01:08:34   Here's the thing when I look at this question, right so

01:08:38   At first I thought I was going to get a little bit out of it because

01:08:42   I

01:08:45   thought well

01:08:47   Just like I didn't want to

01:08:49   be the person who actually cancels my old office, like I will hand this off to my assistant to do.

01:08:55   I try to hand many things off to my assistant to do.

01:08:59   But when the question then specifies that you have to do,

01:09:02   it becomes a slightly different thing.

01:09:05   So here is a thing that I think is both good and sometimes bad.

01:09:10   Which is that I cannot help but always think about like the return on investment of time or like the upside or downside of doing various things.

01:09:19   Mm-hmm.

01:09:20   You know where this is going, don't you, Myke?

01:09:22   And so...

01:09:24   I know the kind of question that this person is asking, and...

01:09:29   Look.

01:09:30   Everyone can't do this because civilization will fall apart,

01:09:36   but I often find my brain whispers to itself,

01:09:40   "What really happens if we don't do this?"

01:09:43   Oh, God!

01:09:44   Right? Like...

01:09:46   Like, what's the...

01:09:48   But like what's the real downside of not doing this?

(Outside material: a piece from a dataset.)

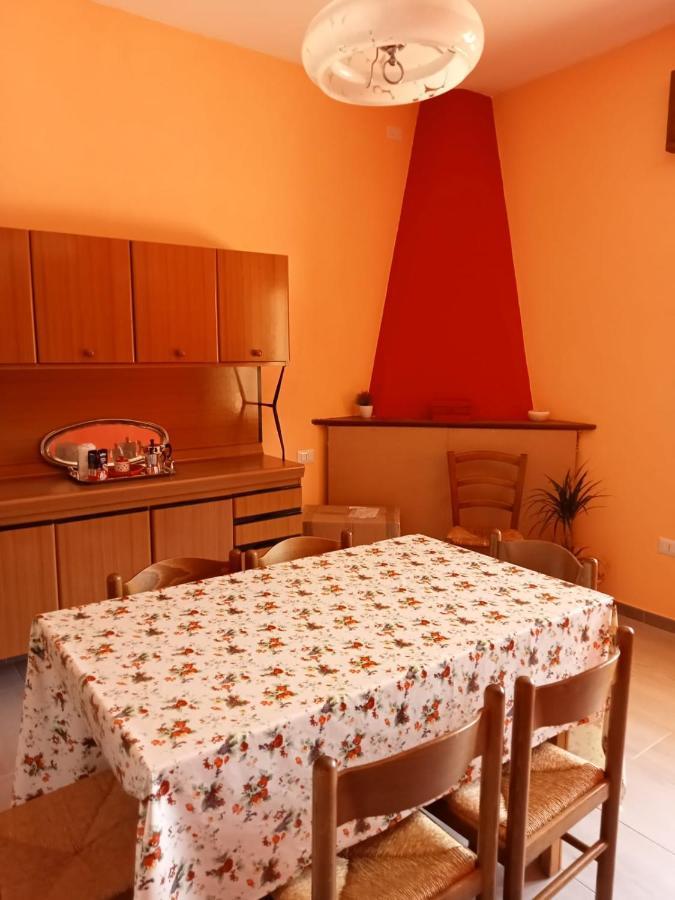 Lungomare Bed Rooms Санта-Мария-Наварезе Экстерьер фото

01:09:52   How big will the fine be?

01:09:55   Well yeah so this is...

01:09:58   How long will I have to go to prison for?

01:10:00   How big is the fine and what is my hourly rate?

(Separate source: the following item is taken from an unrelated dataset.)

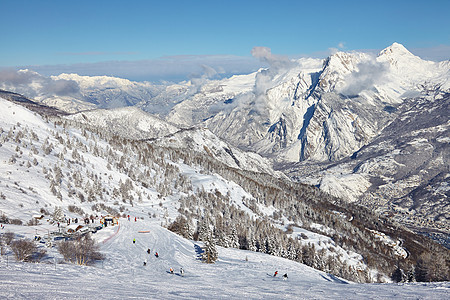 滑雪假期缆车爬坡运动山脉滑雪者电缆旅行闲暇升降椅图片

01:10:04   Right and it's like okay well so like I really like basically I need a lot of motivation

01:10:11   if a task falls into the category of something that I despise

01:10:17   that also has a deadline that I need to do myself,

01:10:23   it's like I need a hell of a lot of motivation to do that kind of thing.

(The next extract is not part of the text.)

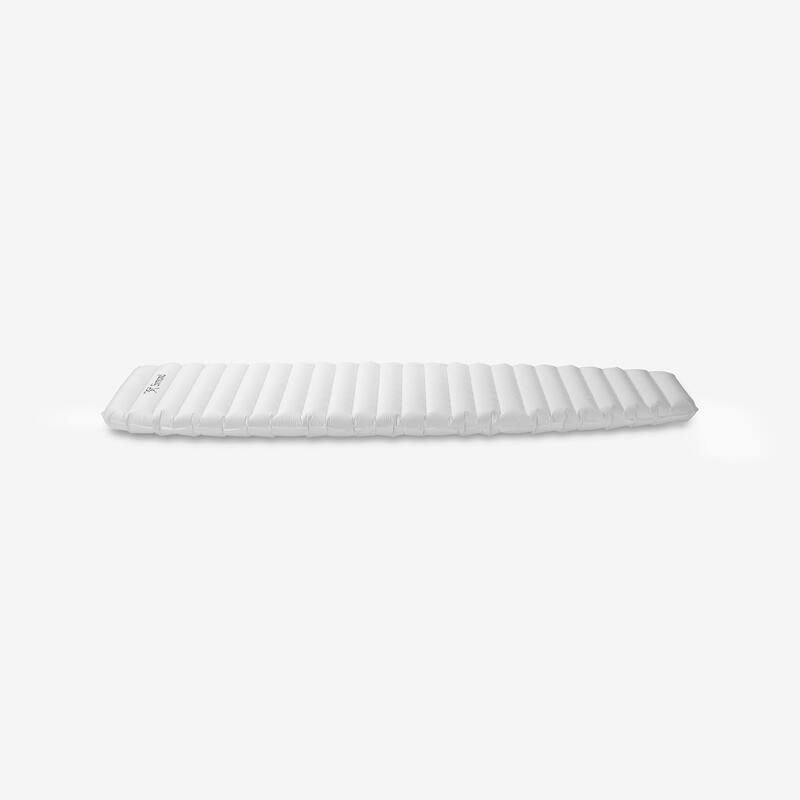 Karimatka na treking nafukovací lehká velikost XL 195 × 63 cm MT900 Undyed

01:10:28   So it's like if this task is not the kind of thing that can be done by somebody else,

01:10:36   it's... there needs to be a real big downside to motivate me.

01:10:40   So that is the honest answer to this is

01:10:44   I'm just not very good at doing tasks

01:10:46   that my brain doesn't see a real upside for.

01:10:50   I'm terrible at that.

01:10:52   And it's a thing that I have definitely gotten way worse at

01:10:57   as I have gotten older.

01:10:58   Like my tolerance for doing that kind of stuff

01:11:01   has gone way down.

01:11:03   So don't take my advice on this thing.

01:11:05   - This is bad advice.

01:11:07   Alright, this is straight up bad advice.

01:11:10   Well, it is bad advice because, again, civilization would fall apart because once you do this

01:11:17   once and you realize, "Hey, wait a minute.

01:11:20   Nothing really that bad happened."

01:11:23   You realize, "Oh, I could do this more."

01:11:24   But everybody can't do that.

01:11:26   If everybody does that, it's bad for civilization.

01:11:29   So I shouldn't even be saying it out loud on the show.

01:11:33   This is why finds exist.

01:11:35   Yeah, this is why finds exist.

01:11:37   didn't do it at first, right? That they had to start finding people to make them do it.

01:11:42   B: Yeah, but so uh, so that's my answer is I break civilization.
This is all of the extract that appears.